In the simpleTest method we’ll need some input records to test. The Koverse UI supports downloading a sample of a data set to a CSV or JSON file. The CsvToSimpleRecord or JsonToSimpleRecord classes in the com.koverse.sdk.test package could then be used to convert your sample file into a List of SimpleRecord objects that can be passed to the test runner.

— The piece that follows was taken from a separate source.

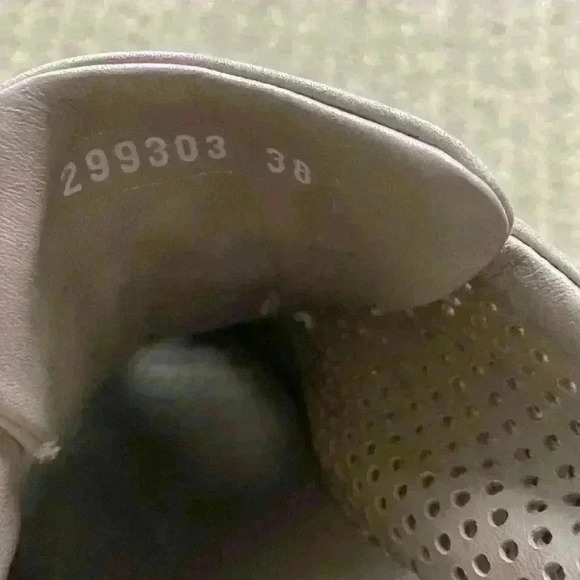 Platform Leather Sneaker Shoe high platform sneaker shoe size 38 EUR. - Picture 9 of 15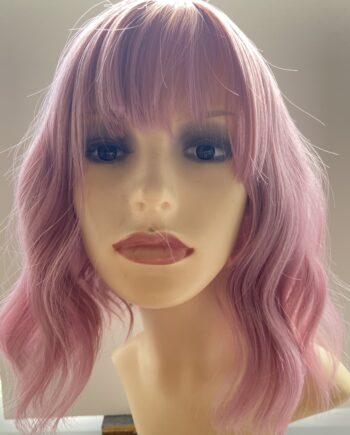 New pink wavy wig. Pinklw717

It’s often a good idea to test your transform on real data, in order to find out if there are irregularities that your Transform will need to handle such as missing values, truncated values, and varying value types. For our unit test we’re going to create some simple test messages:

// create messages
double badScore = AfinnData.sentiment("bad");
double goodScore = AfinnData.sentiment("good");

SimpleRecord badMessage = new SimpleRecord();
badMessage.put("message", "bad");
badMessage.put("date", new Date());

SimpleRecord goodMessage = new SimpleRecord();
goodMessage.put("message", "good");
goodMessage.put("date", new Date());

SimpleRecord mixedMessage = new SimpleRecord();
mixedMessage.put("message", "bad good");
mixedMessage.put("date", new Date());

List<SimpleRecord> testMessages = new ArrayList<>();
testMessages.add(badMessage);
testMessages.add(goodMessage);
testMessages.add(mixedMessage);

We’ll also want to create a set of expected scores that we can check our Transform’s output against for correctness. Our score algorithm simply averages the sentiment of each word in a message:

// define the scores we expect to see for each message
Map<String, Double> expectedScore = new HashMap<>();
expectedScore.put("bad", badScore);
expectedScore.put("good", goodScore);
expectedScore.put("bad good", (badScore + goodScore) / 2.0);

Let’s setup our transform as if a user had configured it via the Koverse UI. We’ll specify which fields our transform should look for, that correspond with the data we’ll generate:

Map<String, String> params = new HashMap<>();
params.put(SentimentAnalysisOverTime.TEXT_COL_PARAM, "message");
params.put(SentimentAnalysisOverTime.DATE_COL_PARAM, "date");

// associate our records with a data set name
Map<String, List<SimpleRecord>> dataSets = new HashMap<>();
dataSets.put("test messages", testMessages);

Now we can run our Transform logic on this data to generate sentiment scores:

// process the input records using our Transform class
List<SimpleRecord> output =
        SparkTransformTestRunner.runTest(SentimentAnalysisOverTime.class, params, dataSets, "sentiment data");

The output will consist of the transformed records with newly calculated sentiment scores for each message, along with the original message text so we can tell which message is which. We’ll compare the calculated scores to the scores we expect:

// check the output
for (SimpleRecord record : output) {
  System.out.println(record);
  assertEquals(expectedScore.get((String)record.get("text")), (Double)record.get("score"));
}

Now we can run our test. The SparkTransformTestRunner creates an instance of the Spark runtime in local mode and uses that to executes our code. If we’ve coded up our Transform correctly, our test should pass.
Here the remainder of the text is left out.